August 20th, 2008 -- Posted in American Politics |
I can’t promise this is the last post about healthcare but the Center For American Progress recently published a comprehensive article on Healthcare and its associated costs:
With health care costs escalating four times faster than wages, it’s no surprise that both ends of the political spectrum concur that affordable health care is an important goal.
I am currently looking for a new job because my current occupation is not as productive as I would like it to be, but talking to my friends about the healthcare issue, I often bring up the story about my $200 a month premium I used to pay for my own health insurance in Massachusetts working for a health care company. If I paid that much, I can’t imagine what the ordinary American is paying… The problem is how do we achieve affordable healthcare?

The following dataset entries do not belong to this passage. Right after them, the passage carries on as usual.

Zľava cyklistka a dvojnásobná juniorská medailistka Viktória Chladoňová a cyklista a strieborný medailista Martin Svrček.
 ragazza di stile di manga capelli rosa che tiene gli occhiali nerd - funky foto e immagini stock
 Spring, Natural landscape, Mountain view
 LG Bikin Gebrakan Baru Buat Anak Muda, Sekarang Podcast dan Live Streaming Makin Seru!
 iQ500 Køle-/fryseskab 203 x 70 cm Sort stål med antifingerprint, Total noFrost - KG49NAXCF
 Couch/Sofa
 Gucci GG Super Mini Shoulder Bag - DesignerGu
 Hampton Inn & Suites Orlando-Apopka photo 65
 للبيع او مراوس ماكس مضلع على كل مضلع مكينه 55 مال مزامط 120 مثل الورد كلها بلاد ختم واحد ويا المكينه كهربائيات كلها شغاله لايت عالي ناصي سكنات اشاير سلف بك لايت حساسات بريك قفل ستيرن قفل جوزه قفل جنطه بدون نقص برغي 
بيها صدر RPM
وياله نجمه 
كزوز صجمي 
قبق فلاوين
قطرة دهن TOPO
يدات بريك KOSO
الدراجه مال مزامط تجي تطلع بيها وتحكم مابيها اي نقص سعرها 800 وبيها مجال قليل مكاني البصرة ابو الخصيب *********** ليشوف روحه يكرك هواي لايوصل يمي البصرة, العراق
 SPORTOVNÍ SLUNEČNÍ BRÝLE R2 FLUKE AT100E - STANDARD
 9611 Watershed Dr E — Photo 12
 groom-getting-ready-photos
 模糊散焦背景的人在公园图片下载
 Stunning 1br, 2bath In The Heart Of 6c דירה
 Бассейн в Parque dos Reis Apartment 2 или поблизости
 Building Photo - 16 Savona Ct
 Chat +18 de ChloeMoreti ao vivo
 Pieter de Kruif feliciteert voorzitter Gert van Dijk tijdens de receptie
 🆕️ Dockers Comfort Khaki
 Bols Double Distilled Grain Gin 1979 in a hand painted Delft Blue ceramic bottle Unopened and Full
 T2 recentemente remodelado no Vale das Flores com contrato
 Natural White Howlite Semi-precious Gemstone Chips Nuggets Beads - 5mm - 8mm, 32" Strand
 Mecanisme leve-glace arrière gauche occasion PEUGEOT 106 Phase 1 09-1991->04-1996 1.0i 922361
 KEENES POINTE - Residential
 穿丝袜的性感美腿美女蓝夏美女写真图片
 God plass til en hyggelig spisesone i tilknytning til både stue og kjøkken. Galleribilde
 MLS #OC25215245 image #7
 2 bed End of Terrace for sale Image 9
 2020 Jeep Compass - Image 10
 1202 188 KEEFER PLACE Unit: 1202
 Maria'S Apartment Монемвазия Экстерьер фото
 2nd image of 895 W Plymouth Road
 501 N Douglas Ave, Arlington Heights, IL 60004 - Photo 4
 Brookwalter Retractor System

This is where the politics diverges and we have freedom of choice on one hand with some people losing out or covering everyone without freedom of choice on the other hand. The CFAP has an excellent counterpoint table for common conservative statements:
Please do read the whole article because the need for affordable healthcare is well argued and if the issue is not addressed, it will only worsen in the next administration.
August 4th, 2008 -- Posted in American Politics, World Politics |
NPR launched a new series on healthcare last week focusing on the healthcare systems of Germany, France, Netherlands, U.K and Switzerland. I just stumbled upon this today, so for the moment I am going to discuss Germany. A few startling facts about the German Healthcare System:
- Germany’s version of universal healthcare has existed for 125 years
- The majority of German patients are happy with the healthcare system the way it is
- The system is financed not by the Government but by the workers and their employers
- Germany has a 99.8% coverage of its 82.3 million people
- Children are completely covered until they are 18
The first part of the German series is just under 9 minutes long so please do go to NPR to listen to it because as soon as I listen to the other recordings, I will post the relevant data here. One of the biggest arguments I have heard against universal healthcare in the USA is that any such system might cause huge waits and a shortage of doctors however this is apparently another conservative rumor because according to the OECD: Germany and the USA have the same number of doctors per 1000 people. Germany beats the USA in specialists with 2.4 per 1000 people compared to the USA’s 1.7.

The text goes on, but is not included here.